I would like a low self discharge type of battery for a flashlight that takes only 18650 size (and has a driver that could not take 2 X CR123A).
The standard LiIon rechargeable has a self discharge rate of 10%/month or so, a bit high for my application and desire not to have to remember to recharge the battery every 3 months.
I found a website that claims to be selling a 3.6 V NiMh low self discharge type in 18650 size. The claimed 2800 mAh is no doubt overoptimistic as my calculation shows that only about 2000 mAh is realistically possible in that volume.
Low self discharge NiMh's like the EneLoop are supposed to retain 85% after one year, which would be good for a glove box emergency light. This would allow me to recharge just once a year if the light had not been used.
Does anyone have any experience with a 3.6 V NiMh 18650?
Any other suggestions other than buying a different type of flashlight?
Thanks.


----------



## SEMIJim

*Re: 18650 NiMh low discharge battery*

10%/mo. is the high end, from what I've read. More typical seems to be 2-5%/mo. One info page even suggested 1.5%/mo..
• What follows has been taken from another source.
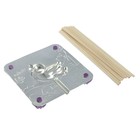 Набор для приготовления леденцов и мармелада «Птичка», цвет МИКС - Фото 3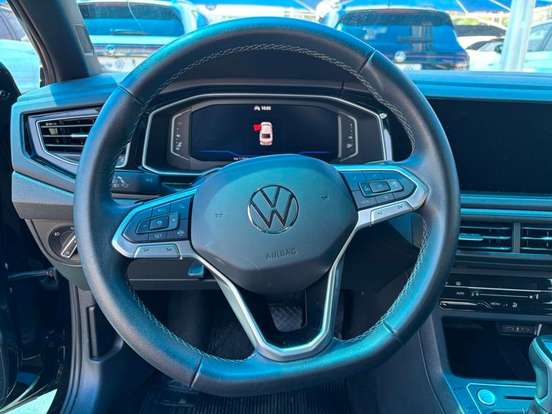 VOLKSWAGEN-VIRTUS-1.4 250 TSI EXCLUSIVE AUTOMÁTICO VOLKSWAGEN-VIRTUS-2024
I don't know whether open-circuit tests are necessarily valid. For most of the batteries with which I had experience, it's not. So, with that caveat, you might find this interesting: 

http://www.candlepowerforums.com/vb/showthread.php?115206-Li-Ion-Self-Discharge-Rate-Test

Jim


----------



## thedoc007

*Re: 18650 NiMh low discharge battery*



Lucidus said:


> I would like a low self discharge type of battery for a flashlight that takes only 18650 size (and has a driver that could not take 2 X CR123A).
> The standard LiIon rechargeable has a self discharge rate of 10%/month or so, a bit high for my application and desire not to have to remember to recharge the battery every 3 months.
> I found a website that claims to be selling a 3.6 V NiMh low self discharge type in 18650 size. The claimed 2800 mAh is no doubt overoptimistic as my calculation shows that only about 2000 mAh is realistically possible in that volume.
> Low self discharge NiMh's like the EneLoop are supposed to retain 85% after one year, which would be good for a glove box emergency light. This would allow me to recharge just once a year if the light had not been used.
> Does anyone have any experience with a 3.6 V NiMh 18650?
> Any other suggestions other than buying a different type of flashlight?
> Thanks.



Not sure where you are getting your numbers, but they are WAY off. Standard 18650s don't lose anything like 10% per month...10% a year is more like it, in my experience.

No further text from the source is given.